Collected material ::
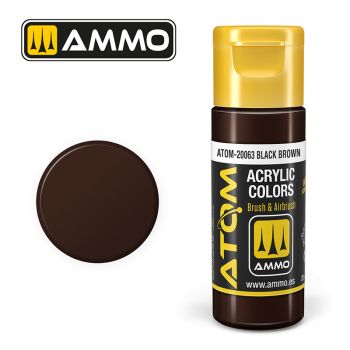 Ammo Mig Jimenez - ATOM ACRYLIC COLOR BLACK BROWN 20 ML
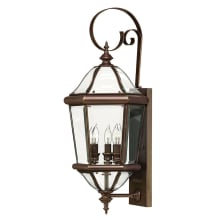 27" Height 3 Light Lantern Outdoor Wall Sconce from the Augusta Collection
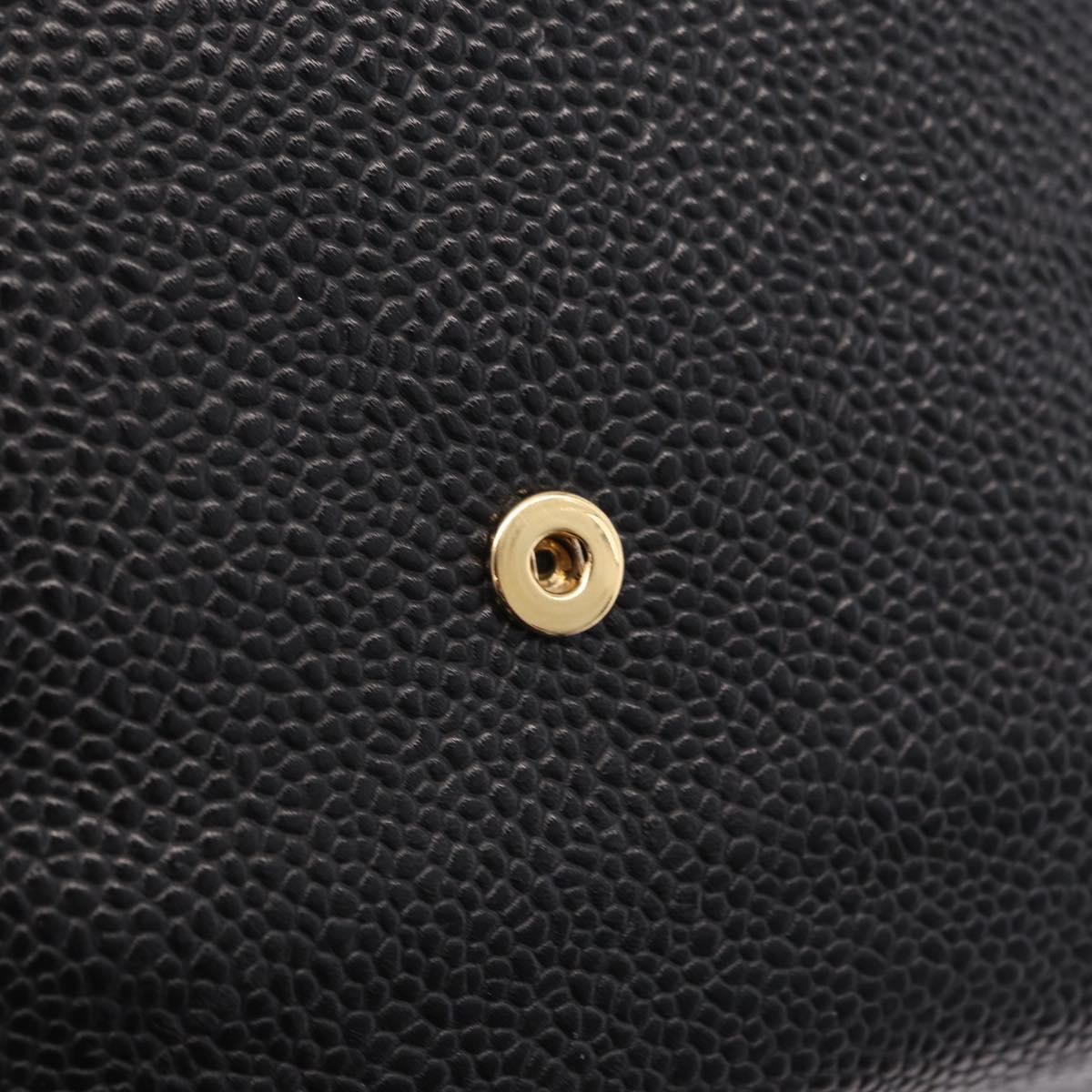 CHANEL Bifold Wallet Caviar Skin Black Gold CC Auth 211888M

Your objective ::
In the reply, each line of the data must appear exactly as written, and no picture may appear.

Solution ::
 Ammo Mig Jimenez - ATOM ACRYLIC COLOR BLACK BROWN 20 ML
 27" Height 3 Light Lantern Outdoor Wall Sconce from the Augusta Collection
 CHANEL Bifold Wallet Caviar Skin Black Gold CC Auth 211888M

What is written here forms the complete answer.